Rebuilding After Dept. of Education Drops Appeal on Jan. 21, 2026
On January 21, 2026, the Department of Education rescinded its appeal to a court order blocking unlawful guidance the Department of Education provided in a Dear Colleague Letter dated February 14, 2025. In essence this nullifies the Dept. of Education’s erroneous claims that the higher education sector was engaged in violations of civil rights laws because it attended to the realities of race.
Since 2016, courts have largely sided with higher education plaintiffs in cases challenging gag orders, attempts to withhold research funding, and efforts to dismantle state and federal educational offices. These findings illustrate both vulnerabilities and leverage points that require deep thought about and within institutional norms and vision. Specifically, nearly every administrative and policy-driven attempt to control institutions of higher education use the sector’s financial dependence on state or federal government to control freedoms fundamental to individuals.
At the intersection of nearly all major attacks on higher education are fundamental freedoms in teaching and research; self-governance; and opportunity for students, faculty, and staff to thrive. Now that the false claims and subsequent threats made in the Dear Colleague Letter have been proven invalid, our sector must move forward and rebuild.
This moment, as Amy Reid recently noted at the launch of PEN America’s Censored Campuses, “is a tipping point.” Despite the relatively quiet reception of this development, we in the sector must use this moment and the research from PEN America and organizations across the sector as a means to reshape higher education so that it becomes a site where the freedom to teach, learn, and research is treasured, knowledge cannot be criminalized, all communities are represented and thrive, and institutions are self-governed and student-focused.
Democracy Forward developed an excellent explainer for educators on this topic, which highlights that for educators and schools, this development means:
- Acknowledging and discussing race in a school setting continues to be lawful.
- Teaching about race, racism, inequality, and related issues continues to be lawful.
- Supporting students in a way that acknowledges racial or ethnic identities (such as an Asian American student association that is open to all students) continues to be lawful.
- Schools may continue operating programs that encourage diversity, equity, and inclusion in accordance with existing law.
- The DCL and the Certification Requirement cannot be enforced against educators or schools.
- That said, this administration likely will try to curb programs that support diversity, equity, and inclusion in other ways.
- If a school has instituted policies to comply with this DCL and Certification Requirement, their leadership may want to be aware of this decision, assess their policies, and consult with counsel.
No matter the type of institution one works in, no matter how atrophied the imagination or morale, both can be reignited for a better democracy if we begin to take ownership of our own autonomy and agency.

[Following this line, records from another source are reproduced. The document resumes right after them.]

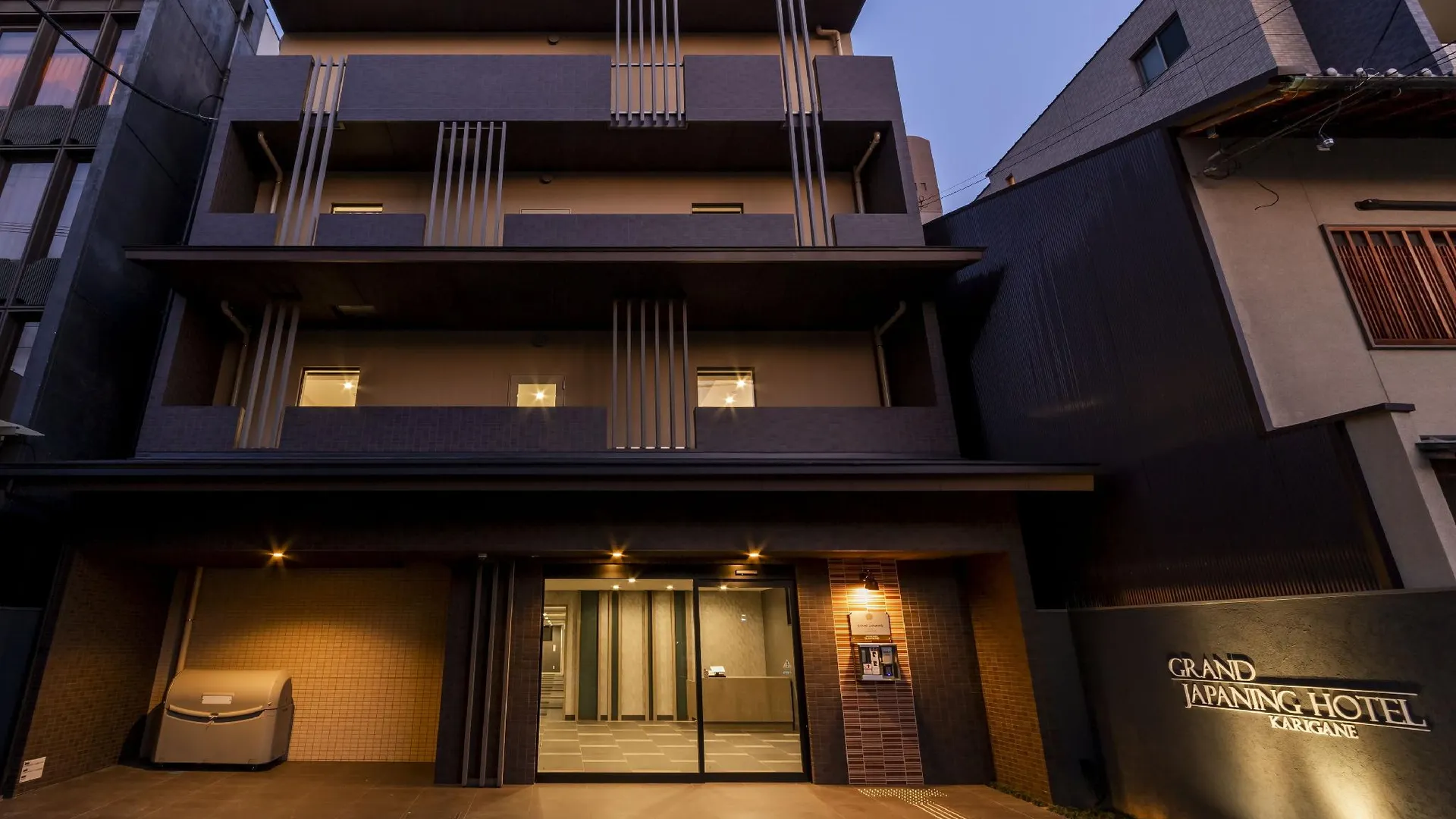 교토 스마트 플레이스 인 교토 시조 호리카와 3성급 호텔 수영장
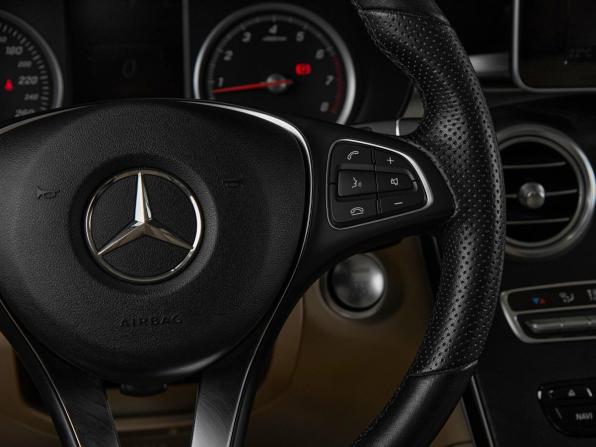 Новый Mercedes-Benz GLC I (X253) 2019 года, цена 3 930 000 рублей, внедорожник, Автокод Объявления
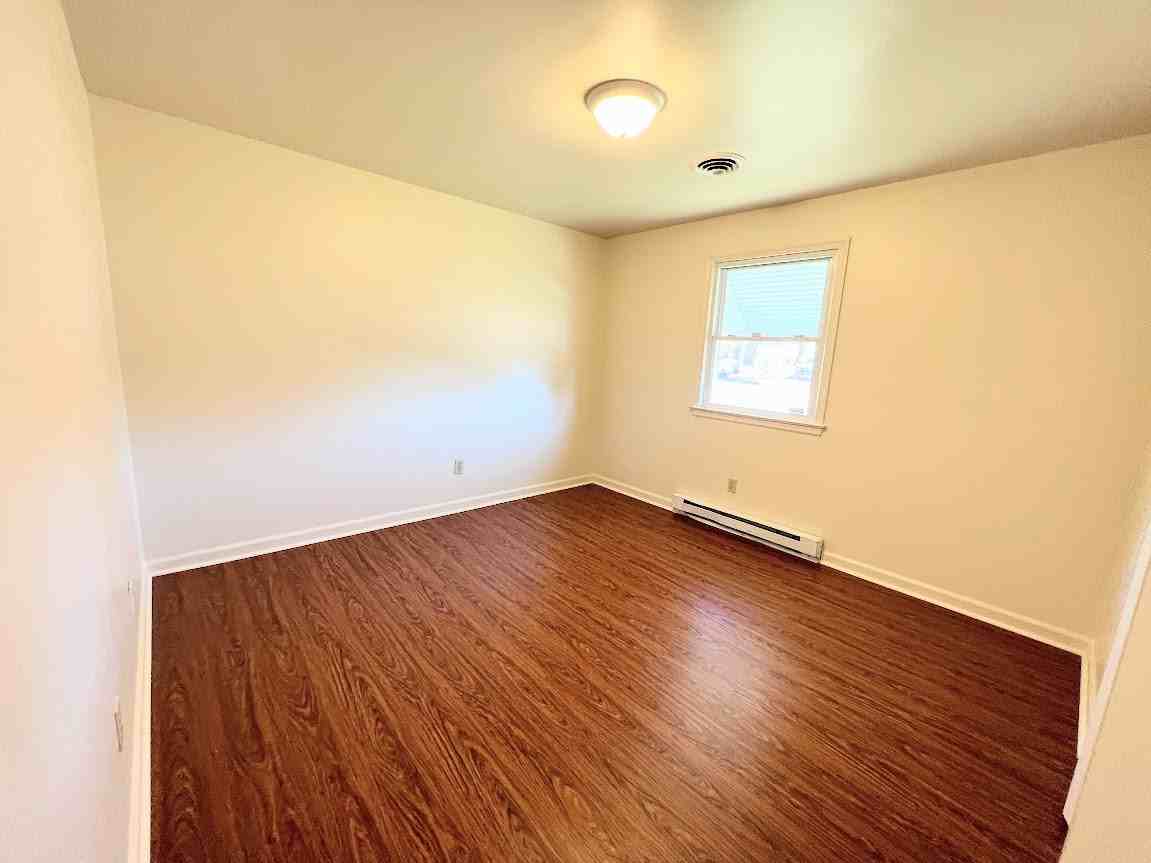 422 Pin Oak Drive - Photo 7 of 10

- Use the Alliance’s Framework to have administrative discussions about what the institution has learned about policies, civil rights, risk, in terms of risk, and its relationship to state regulations. Let that tool guide how to build, not react and tear down, for a future aligned with democratic ideals and your mission.
- Make your supervisors aware of this document so they may consider using it for the institution.
- Once clear on institutional direction, situate higher education’s role is a vehicle for democracy and build your culture towards ensuring alignment in institutional self-governance, the ability to exchange ideas, and opportunity and success.
- Provide time and space for students and employees to imagine a better future—one where systems improve for employees and students; where pedagogy, teaching, research from all disciplines are valued; and students have more opportunity for a better life and a better nation because of their learning.
- Intentionally highlight the value of public-supported, but not government-controlled, higher education sector to audiences beyond our field.
- Consider rebuilding what was lost. In that vein, bring the students, staff, and faculty most impacted, targeted, or chilled in the past years for meaningful conversations about higher education’s role in democracy, opportunity, and research for the public good. Even as other threats continue, leadership can provide the necessary inertia to get over a tipping point.
- Promote deep conversations about language and its importance; encourage change only when it strengthens the sector and institution rather than serving the agendas that misunderstand our mission and work.
- Reflect on leadership at all levels. Have the leaders at your institution immersed themselves in theoretical underpinnings for systems change, democracy, and the higher education sector’s practices? If not, the Alliance can provide that.
- Build internal governance systems that are more nimble than typical and that can take accountability for student outcomes, and the outcomes of the public good.
- Avoid platitudes and imaginary thinking that higher education is facing a moment rather than a movement. And subsequently work to make institutions nimbler.
- Get clear-eyed about the way in which institutional and sector autonomy have been so easy to dismantle. Narratives that pit identities against one another have moved the public. Our charge is to unite ourselves for that same public.
And in the process, we can begin a movement to a brighter future.